In questa brutta campagna elettorale, e dopo i fatti di Macerata, stiamo assistendo ad uno spettacolo particolarmente degradante: è una rincorsa alla mistificazione fatta da chi associa l’immigrazione alla disoccupazione, alla criminalità e perfino al rischio di terrorismo.
Il governo, per parte sua, tenta d’imbellettare con sbandierati obiettivi di «lotta ai trafficanti d’uomini» o di «un’equa ripartizione dei richiedenti asilo tra i paesi Ue» la sostanza di una dura e spregiudicata politica di respingimento dei migranti.
In realtà concorre a quell’opera di strumentalizzazione politica che tenta di dirottare il malessere sociale e i sentimenti d’insicurezza avvertiti da tanta parte della popolazione dalle vere cause, facendo credere che i problemi che l’affliggono dipendano da una presunta minaccia esterna costituita dall’immigrazione. In tal modo s’inganna l’opinione pubblica su più versanti.
Il primo inganno è proprio quello di far credere che i nuovi flussi migratori possono essere fermati e che per farlo ogni mezzo sia giustificato: dagli accordi con i paesi d’origine e di transito perché impediscano l’emigrazione sul nascere fino alla cattura di persone innocenti ed inermi e la loro detenzione in campi in cui subiscono ogni sorta di violenza.
Il secondo inganno consiste nell’occultare attentamente i vantaggi che deriverebbero da politiche di accoglienza ben organizzate e capaci di una positiva integrazione. Vantaggi che possono essere facilmente indicati.
In termini demografici, è noto lo squilibrio derivante dai nostri andamenti di scarsa natalità ed aumento della vita media. Talché oggi, considerando la popolazione dei 27 paesi dell’Ue, un cittadino troppo giovane o troppo anziano per lavorare, dipende da 1,8 persone in età lavorativa, che si ridurranno a 1,5 entro 12 anni. Il che prospetta una situazione insostenibile a detta della stessa Commissione europea.
Per quanto riguarda le spese sociali, il mantenimento degli attuali standard di welfare richiederebbe una base contributiva garantita da un aumento della popolazione europea di 42 milioni di persone in 5 anni.
Cosa concepibile solo attraverso l’accoglienza e regolarizzazione di un numero di migranti esponenzialmente maggiore di quelli che bussano attualmente alle nostre porte.
Sul piano fiscale, come dimostra il bilancio italiano del 2016, tasse e contributi versati dagli immigrati nati all’estero e regolarmente censiti eccedono di oltre il 60% le spese di cui beneficiano.

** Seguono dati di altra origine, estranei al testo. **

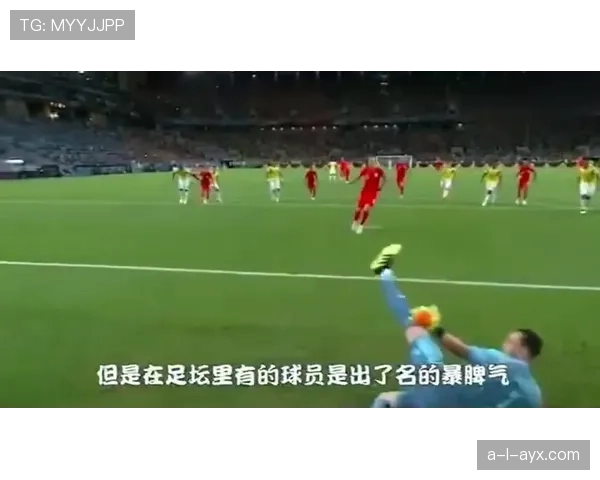 肖若腾卧室像甜品店，门口堆着训练包，球场外的反差太绝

Né è trascurabile il loro apporto all’aumento del Pil (circa il 9% nello stesso anno).
In terzo luogo un confronto tra questa e le due altre grandi migrazioni che l’hanno preceduta (quella transoceanica di fine Ottocento e primo Novecento e quella del secondo dopoguerra dalle campagne alle aree industriali d’Europa) indica come anche l’attuale sia foriera di mutamenti di grande portata nel sistema mondo. Si tratta, infatti, di un tendenziale e sia pur parziale accorciamento di distanze tra Sud e Nord. Mutamenti quanto mai impellenti.
Per accennare al solo problema del calo demografico di cui dicevamo a proposito dei paesi europei, ad esso corrisponde un andamento opposto nel Sud del mondo, nei paesi che non hanno ancora spezzato il circolo vizioso tra maggiore povertà e maggiore popolazione. Ne consegue che la straordinaria crescita della popolazione mondiale prevista nei prossimi decenni (+ 2,3 miliardi nel 2050) si concentrerà per il 91,6 % nei paesi meno sviluppati: una vera e propria bomba demografica dagli effetti distruttivi paralleli agli altri grandi squilibri, ecologici, economici, sociali.

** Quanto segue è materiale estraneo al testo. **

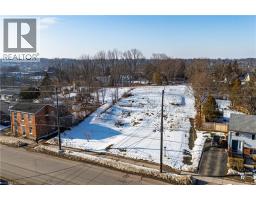 75 King Street E, Ingersoll, ON N5C1G6 Photo 8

In conclusione si può dire che ci troviamo ad un vero e proprio punto di biforcazione storico.
O siamo capaci di aprire la società alle trasformazioni che premono; e la nuova ondata migratoria le rappresenta per più versi.
Oppure si persegue la strada della chiusura a questa come ad altre trasformazioni urgenti e ineludibili. Ma è una strada senza sbocchi.